# A motorway from Europe to the Middle East



## RKC (Jun 16, 2007)

^^ haha nice!


----------



## aswnl (Jun 6, 2004)

I would rather complete the E75 from Belgrade to Tessaloniki. There are still two major sections in Serbia and Macedonia which have not been upgraded to motorway standards yet.

And for Turkey: although relations with Greece are historically not good, thinking about an upgrade of the E84 to connect to the Greek A2 wouldn't be such a bad idea...


----------



## ed110220 (Nov 12, 2008)

Isn't this an update of the old dream for the Berlin-Baghdad railway?


----------



## italystf (Aug 2, 2011)

How many km of motorways and expressways exist in Turkey? Any map?


----------



## Messi (Nov 18, 2007)

Here is a map but it's HUGE and very detailed.
http://www.kgm.gov.tr/SiteCollectionImages/KGMimages/Haritalar/Turkiye.jpg

As for 2011, Turkey has 21.500 km of 2x2 highways and 2100 km of 3x2 motorways.


----------



## italystf (Aug 2, 2011)

Messi said:


> Here is a map but it's HUGE and very detailed.
> http://www.kgm.gov.tr/SiteCollectionImages/KGMimages/Haritalar/Turkiye.jpg
> 
> As for 2011, Turkey has 21.500 km of 2x2 highways and 2100 km of 3x2 motorways.


Cannot believe, 3 times Italy!!??:nuts:
Are 2x2 highways real motorways or road with intersections, traffic lights, roundabots...?


----------



## ChrisZwolle (May 7, 2006)

Most 2x2 expressways in Turkey cannot be considered motorways or motorway-like roads. They frequently feature driveway access, roundabouts, traffic lights, etc.


----------



## shpirtkosova (Jun 7, 2009)

ChrisZwolle said:


> Most 2x2 expressways in Turkey cannot be considered motorways or motorway-like roads. They frequently feature driveway access, roundabouts, traffic lights, etc.


In the UK most dual carriageways/expressways feature almost all of these things except driveway acess.


----------



## ChrisZwolle (May 7, 2006)

Yes, and they are not a motorway for that reason


----------



## Messi (Nov 18, 2007)

ChrisZwolle said:


> Most 2x2 expressways in Turkey cannot be considered motorways or motorway-like roads. They frequently feature driveway access, roundabouts, traffic lights, etc.
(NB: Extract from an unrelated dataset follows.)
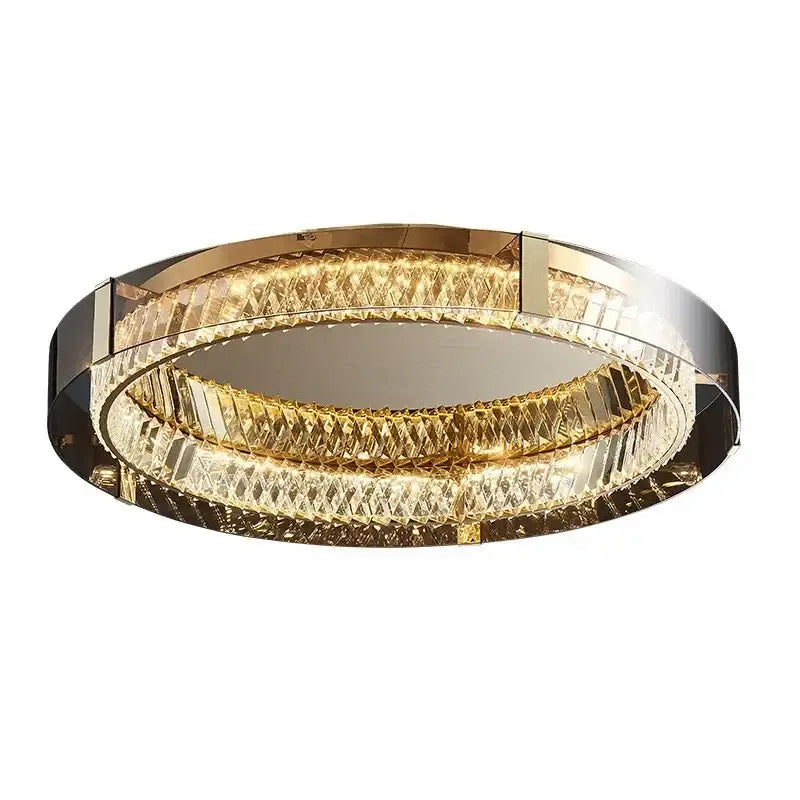 Modern gold and chrome double-ring ceiling light with faceted crystal accents for decorbites elegant crystal led lighting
The essential main routes have indeed motorway quality. By main routes I mean expressways such as the Black Sea Expressway connecting Ankara along the whole Black sea coast to Georgia, or Ankara-Eskisehir-Bursa route connecting Ankara to the Industrial region of southern Marmara.

Would you not classify the black sea express way as a motorway?


----------



## italystf (Aug 2, 2011)

So, you can drive all the way from Istanbul to Georgia only by motorways?


----------



## ChrisZwolle (May 7, 2006)

Most of these roads are motorway-like between cities; 2x2 lanes, median, barriers, shoulders, etc. However, the main problem that doesn't classify them as motorways are the fact that not all intersections are consistently grade-separated. Side-roads may dead-end on these roads, or there may be roundabouts or traffic lights near cities. However, there is certainly a considerable amount of roads in Turkey that can be considered motorways.


----------



## Messi (Nov 18, 2007)

italystf said:


> So, you can drive all the way from Istanbul to Georgia only by motorways?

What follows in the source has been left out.